### Information provided
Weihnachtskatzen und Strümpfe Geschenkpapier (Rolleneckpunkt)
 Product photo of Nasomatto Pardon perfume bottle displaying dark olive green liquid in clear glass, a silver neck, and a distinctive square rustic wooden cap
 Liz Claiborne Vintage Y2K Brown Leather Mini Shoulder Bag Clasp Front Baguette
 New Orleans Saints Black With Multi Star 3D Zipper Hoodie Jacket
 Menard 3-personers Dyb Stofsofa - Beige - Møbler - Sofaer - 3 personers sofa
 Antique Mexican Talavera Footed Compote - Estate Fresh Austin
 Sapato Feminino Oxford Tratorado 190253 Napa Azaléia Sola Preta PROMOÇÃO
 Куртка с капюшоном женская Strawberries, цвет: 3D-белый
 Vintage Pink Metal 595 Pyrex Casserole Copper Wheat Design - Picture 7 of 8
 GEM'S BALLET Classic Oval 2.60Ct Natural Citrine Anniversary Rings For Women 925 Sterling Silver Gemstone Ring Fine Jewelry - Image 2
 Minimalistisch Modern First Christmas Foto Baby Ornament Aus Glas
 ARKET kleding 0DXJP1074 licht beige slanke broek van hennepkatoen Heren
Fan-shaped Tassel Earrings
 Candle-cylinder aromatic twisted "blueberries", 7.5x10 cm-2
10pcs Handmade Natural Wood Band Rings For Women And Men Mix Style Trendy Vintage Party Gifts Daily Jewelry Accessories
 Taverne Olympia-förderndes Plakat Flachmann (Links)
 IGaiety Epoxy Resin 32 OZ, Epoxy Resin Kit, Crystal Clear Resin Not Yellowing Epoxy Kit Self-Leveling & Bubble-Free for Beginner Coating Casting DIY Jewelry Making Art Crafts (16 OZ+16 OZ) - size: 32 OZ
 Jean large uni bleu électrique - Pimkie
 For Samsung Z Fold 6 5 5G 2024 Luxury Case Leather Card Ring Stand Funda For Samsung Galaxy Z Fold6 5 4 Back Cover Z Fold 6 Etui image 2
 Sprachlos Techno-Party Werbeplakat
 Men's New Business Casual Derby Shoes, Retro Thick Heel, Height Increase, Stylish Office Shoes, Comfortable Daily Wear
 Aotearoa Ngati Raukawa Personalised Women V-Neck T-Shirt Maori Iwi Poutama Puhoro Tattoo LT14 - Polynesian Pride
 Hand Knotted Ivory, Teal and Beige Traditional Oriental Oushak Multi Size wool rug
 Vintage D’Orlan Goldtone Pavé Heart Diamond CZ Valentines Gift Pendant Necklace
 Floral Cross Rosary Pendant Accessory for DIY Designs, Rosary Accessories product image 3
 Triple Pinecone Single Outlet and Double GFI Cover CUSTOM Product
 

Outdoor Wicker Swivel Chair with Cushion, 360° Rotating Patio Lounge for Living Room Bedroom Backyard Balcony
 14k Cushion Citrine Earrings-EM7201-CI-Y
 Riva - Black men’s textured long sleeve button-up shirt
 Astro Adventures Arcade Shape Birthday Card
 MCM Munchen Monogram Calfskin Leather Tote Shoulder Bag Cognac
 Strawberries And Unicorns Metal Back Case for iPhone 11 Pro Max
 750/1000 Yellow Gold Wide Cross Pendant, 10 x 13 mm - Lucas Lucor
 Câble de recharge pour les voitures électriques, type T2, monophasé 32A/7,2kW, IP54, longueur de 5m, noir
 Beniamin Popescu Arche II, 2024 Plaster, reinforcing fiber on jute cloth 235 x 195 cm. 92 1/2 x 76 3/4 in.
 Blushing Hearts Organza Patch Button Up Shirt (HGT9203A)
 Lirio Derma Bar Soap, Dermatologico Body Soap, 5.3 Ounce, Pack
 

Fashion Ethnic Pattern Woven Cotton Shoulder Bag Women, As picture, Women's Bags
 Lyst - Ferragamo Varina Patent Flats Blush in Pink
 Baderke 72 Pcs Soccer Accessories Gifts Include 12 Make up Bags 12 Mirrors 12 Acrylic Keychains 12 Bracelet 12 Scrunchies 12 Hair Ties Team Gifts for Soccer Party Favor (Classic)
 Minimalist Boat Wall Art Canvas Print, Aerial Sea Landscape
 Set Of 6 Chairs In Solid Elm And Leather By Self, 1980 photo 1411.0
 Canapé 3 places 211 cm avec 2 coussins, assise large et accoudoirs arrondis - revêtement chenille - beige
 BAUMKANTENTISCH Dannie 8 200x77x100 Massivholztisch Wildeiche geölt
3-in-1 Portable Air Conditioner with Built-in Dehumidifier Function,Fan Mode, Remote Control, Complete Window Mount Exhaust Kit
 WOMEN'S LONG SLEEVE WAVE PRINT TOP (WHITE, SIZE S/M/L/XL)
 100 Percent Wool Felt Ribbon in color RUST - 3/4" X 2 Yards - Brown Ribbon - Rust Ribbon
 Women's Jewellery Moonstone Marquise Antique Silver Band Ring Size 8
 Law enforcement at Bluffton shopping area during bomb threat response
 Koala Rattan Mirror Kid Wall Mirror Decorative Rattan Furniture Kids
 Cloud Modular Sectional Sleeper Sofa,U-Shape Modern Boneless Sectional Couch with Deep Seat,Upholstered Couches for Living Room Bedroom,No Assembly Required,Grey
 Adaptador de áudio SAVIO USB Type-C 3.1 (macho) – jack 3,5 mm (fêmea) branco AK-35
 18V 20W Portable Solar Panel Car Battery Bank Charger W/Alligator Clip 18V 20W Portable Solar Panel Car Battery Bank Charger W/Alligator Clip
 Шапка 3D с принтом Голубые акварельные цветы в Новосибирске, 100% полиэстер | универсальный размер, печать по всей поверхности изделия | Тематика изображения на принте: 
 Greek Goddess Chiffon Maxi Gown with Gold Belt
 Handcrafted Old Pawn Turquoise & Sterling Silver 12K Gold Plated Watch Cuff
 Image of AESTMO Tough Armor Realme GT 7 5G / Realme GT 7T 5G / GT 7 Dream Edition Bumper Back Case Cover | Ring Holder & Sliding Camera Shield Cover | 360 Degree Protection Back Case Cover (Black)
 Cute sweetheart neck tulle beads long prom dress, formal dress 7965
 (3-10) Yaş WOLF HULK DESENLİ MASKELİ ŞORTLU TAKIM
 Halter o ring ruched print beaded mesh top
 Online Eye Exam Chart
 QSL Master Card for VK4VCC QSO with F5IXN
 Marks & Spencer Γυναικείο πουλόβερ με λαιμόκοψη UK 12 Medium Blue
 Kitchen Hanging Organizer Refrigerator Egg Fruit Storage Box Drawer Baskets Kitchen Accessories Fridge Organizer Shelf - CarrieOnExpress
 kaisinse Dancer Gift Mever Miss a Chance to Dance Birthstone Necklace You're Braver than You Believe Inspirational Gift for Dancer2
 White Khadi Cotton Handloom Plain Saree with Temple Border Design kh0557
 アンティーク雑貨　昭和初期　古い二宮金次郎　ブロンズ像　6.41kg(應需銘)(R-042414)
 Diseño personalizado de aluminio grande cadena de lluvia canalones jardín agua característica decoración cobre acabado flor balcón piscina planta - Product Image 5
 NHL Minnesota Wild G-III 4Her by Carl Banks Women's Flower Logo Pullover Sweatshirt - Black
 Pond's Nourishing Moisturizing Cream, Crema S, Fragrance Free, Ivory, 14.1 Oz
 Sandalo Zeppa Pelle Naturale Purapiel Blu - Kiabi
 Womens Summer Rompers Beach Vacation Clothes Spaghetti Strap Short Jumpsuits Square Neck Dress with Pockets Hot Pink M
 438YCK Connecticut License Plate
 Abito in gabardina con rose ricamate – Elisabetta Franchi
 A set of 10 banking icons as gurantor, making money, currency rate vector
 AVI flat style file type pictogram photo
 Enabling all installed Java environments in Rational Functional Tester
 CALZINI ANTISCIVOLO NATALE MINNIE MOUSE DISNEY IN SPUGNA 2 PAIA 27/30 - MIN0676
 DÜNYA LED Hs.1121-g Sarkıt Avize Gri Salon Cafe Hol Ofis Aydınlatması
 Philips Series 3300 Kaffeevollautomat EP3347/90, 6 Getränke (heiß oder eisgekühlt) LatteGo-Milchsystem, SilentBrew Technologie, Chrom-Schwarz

### What you will do
Copy each line above that contains the word "Classic".

### Your solution
 GEM'S BALLET Classic Oval 2.60Ct Natural Citrine Anniversary Rings For Women 925 Sterling Silver Gemstone Ring Fine Jewelry - Image 2
 Baderke 72 Pcs Soccer Accessories Gifts Include 12 Make up Bags 12 Mirrors 12 Acrylic Keychains 12 Bracelet 12 Scrunchies 12 Hair Ties Team Gifts for Soccer Party Favor (Classic)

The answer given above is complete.